Giovani, esili e a domicilio. Trenta escort, un premier e due verità

di Riccardo Galli
Pubblicato il 15 Settembre 2011 - 17:10| Aggiornato il 9 Marzo 2015 OLTRE 6 MESI FA

foto Lapresse

ROMA – Erano trenta ed erano “giovani ed esili”: questo è sicuro. In pianta stabile od occasionale facevano le escort, almeno una rifiutò la grande occasione e disse no a Gianpi Tarantini che delle trenta giovani esili teneva il banco e il mercato. Tarantini le usava come chiavi per “interessi affaristici” e il grande affare fu portarle a contatto e a casa di Silvio Berlusconi. In cambio Tarantini sperava di ottenere molte cose, ad un certo punto anche la candidatura a parlamentare europeo. Poi vennero i magistrati, l’inchiesta e cominciarono le “difficoltà” di Tarantini, anche questo è sicuro. La candidatura sfumò ma Tarantini ottenne aiuto dal premier: soldi, circa 500mila euro che gli avvocati Niccolò Ghedini e Giorgio Perroni sconsigliarono al premier di erogare, quest’ultimo definendola “dazione equivoca”. Fine delle cose sicure e accertate, anche se non certo poche. Poi la storia di un premier delle trenta escort si scinde e dipana in due verità: quella degli inquirenti e quella del premier: prostituzione e “dazione” secondo chi ha indagato, amicizie e “aiuto ad una famiglia” secondo il presidente del Consiglio.
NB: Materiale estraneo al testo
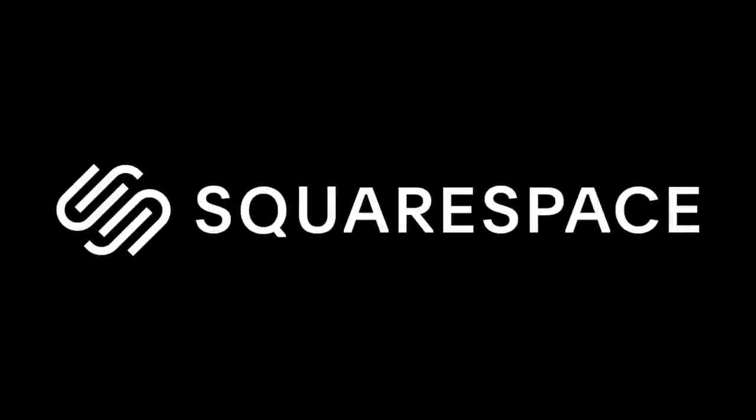This video is sponsored by Squarespace. From websites and online stores to marketing tools and analytics, build your online presence with Squarespace.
“Tarantini e la moglie mi scrissero accorate lettere inviatemi presso la segreteria di Roma. Tarantini protestava la propria estraneità alle accuse che gli venivano mosse, si scusava per il disagio che mi aveva procurato, si lamentava per il trattamento mediatico e giudiziario che gli veniva riservato. Sia lui sia la moglie mi fecero sapere che erano in gravissime difficoltà economiche, temevo atti di autolesionismo da parte sua”. Dalla memoria difensiva presentata dai legali di Silvio Berlusconi ai pm milanesi.

“Mi resi conto che Lavitola parlava per telefono di foto in modo sibillino. In questa occasione, quando cioé mi resi conto che Lavitola parlava di foto in modo strano, presi tempo e riferii della conversazione al presidente Berlusconi. Dissi cioé a Berlusconi che Lavitola voleva delle ‘foto’ parlando di foto in modo strano, come se volesse alludere a qualcosa d’altro. Il presidente allora capì subito e mi disse di prelevare 10mila euro dalla sua cassa privata (una piccola cassaforte dove custodisce il contante) e di suddividere la somma in due buste da 5mila euro. Mi disse che si trattava di somme destinate a Tarantini e sua moglie, richieste per loro conto da Lavitola. Nell’autorizzarmi a prelevare questi soldi il presidente Berlusconi mi disse che si trattava di un prestito. Ricordo che era sicuramente infastidito e piccato. Disse qualcosa tipo: ‘ma é un rompiscatole’ o qualcosa del genere”. Dalla deposizione davanti ai pm rilasciata da Marinella Brambilla, segretaria, storica, di Silvio Berlusconi.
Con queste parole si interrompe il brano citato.